WORK TASK: The answer should match the entries below word for word, minus their pictures.

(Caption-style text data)
-- -- --

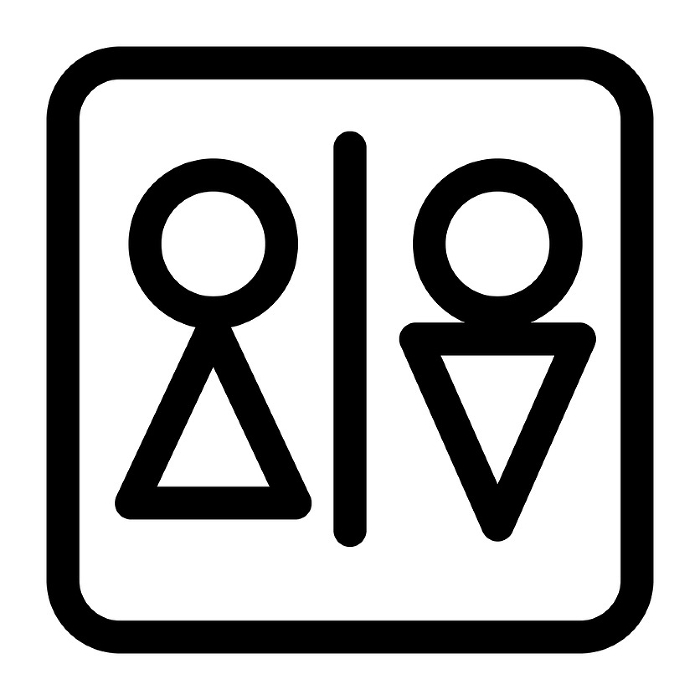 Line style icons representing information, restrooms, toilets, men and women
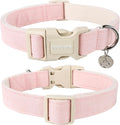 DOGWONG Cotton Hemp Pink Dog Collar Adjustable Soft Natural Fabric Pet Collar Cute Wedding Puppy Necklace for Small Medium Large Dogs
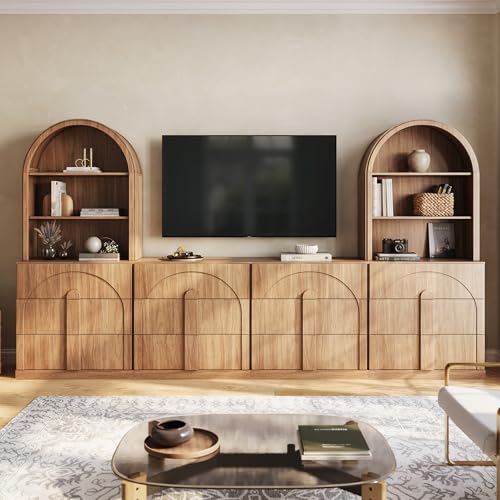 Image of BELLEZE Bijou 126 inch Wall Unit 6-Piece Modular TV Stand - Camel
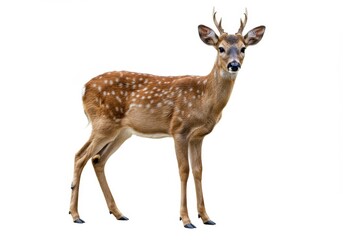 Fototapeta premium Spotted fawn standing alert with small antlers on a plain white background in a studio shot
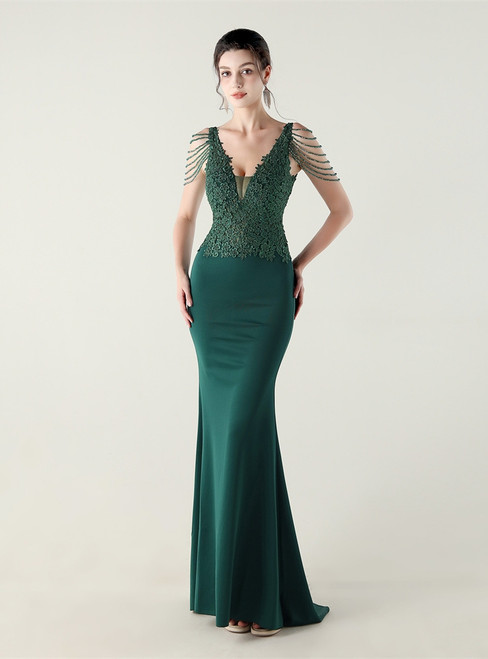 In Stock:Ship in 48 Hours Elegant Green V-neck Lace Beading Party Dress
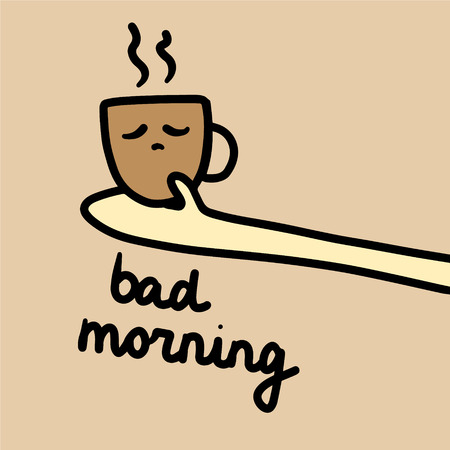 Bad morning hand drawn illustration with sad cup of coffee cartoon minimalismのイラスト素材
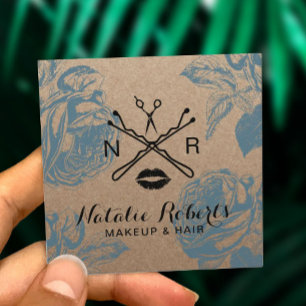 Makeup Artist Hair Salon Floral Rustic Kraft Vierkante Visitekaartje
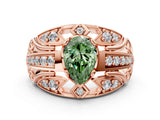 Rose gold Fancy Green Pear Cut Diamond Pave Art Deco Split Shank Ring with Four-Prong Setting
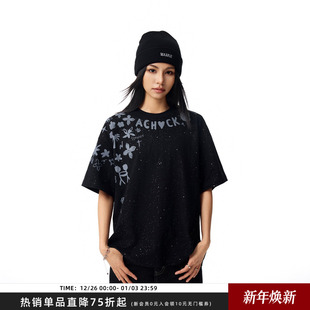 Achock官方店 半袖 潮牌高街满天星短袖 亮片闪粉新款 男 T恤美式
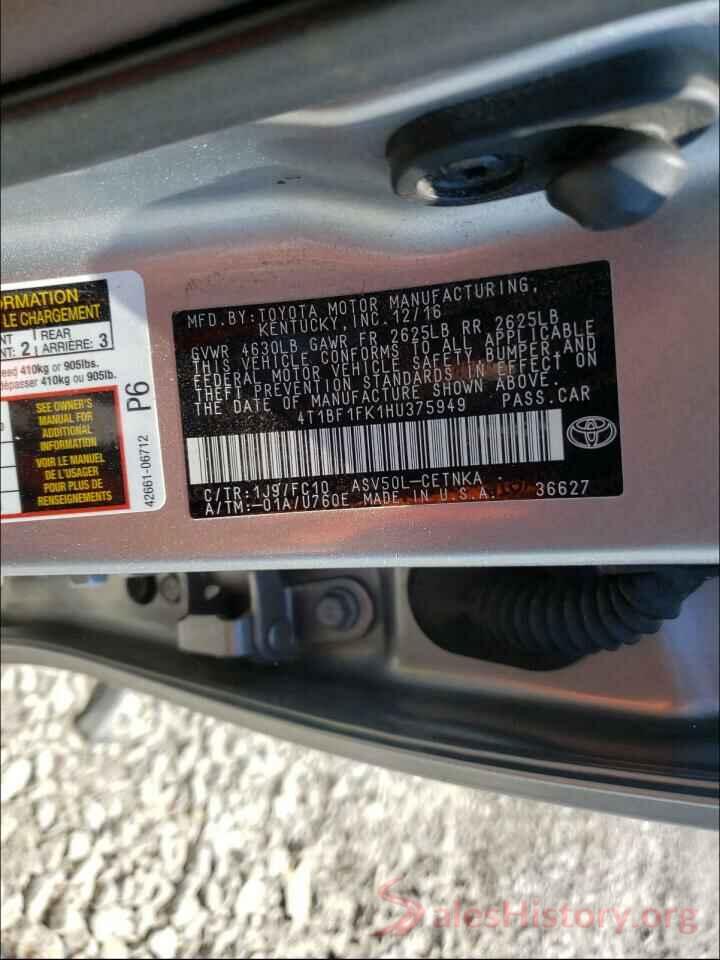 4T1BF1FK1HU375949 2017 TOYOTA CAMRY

-- -- --

SOLUTION:
 Line style icons representing information, restrooms, toilets, men and women
 DOGWONG Cotton Hemp Pink Dog Collar Adjustable Soft Natural Fabric Pet Collar Cute Wedding Puppy Necklace for Small Medium Large Dogs
 Image of BELLEZE Bijou 126 inch Wall Unit 6-Piece Modular TV Stand - Camel
 Fototapeta premium Spotted fawn standing alert with small antlers on a plain white background in a studio shot
 In Stock:Ship in 48 Hours Elegant Green V-neck Lace Beading Party Dress
 Bad morning hand drawn illustration with sad cup of coffee cartoon minimalismのイラスト素材
 Makeup Artist Hair Salon Floral Rustic Kraft Vierkante Visitekaartje
 Rose gold Fancy Green Pear Cut Diamond Pave Art Deco Split Shank Ring with Four-Prong Setting
 Achock官方店 半袖 潮牌高街满天星短袖 亮片闪粉新款 男 T恤美式
 4T1BF1FK1HU375949 2017 TOYOTA CAMRY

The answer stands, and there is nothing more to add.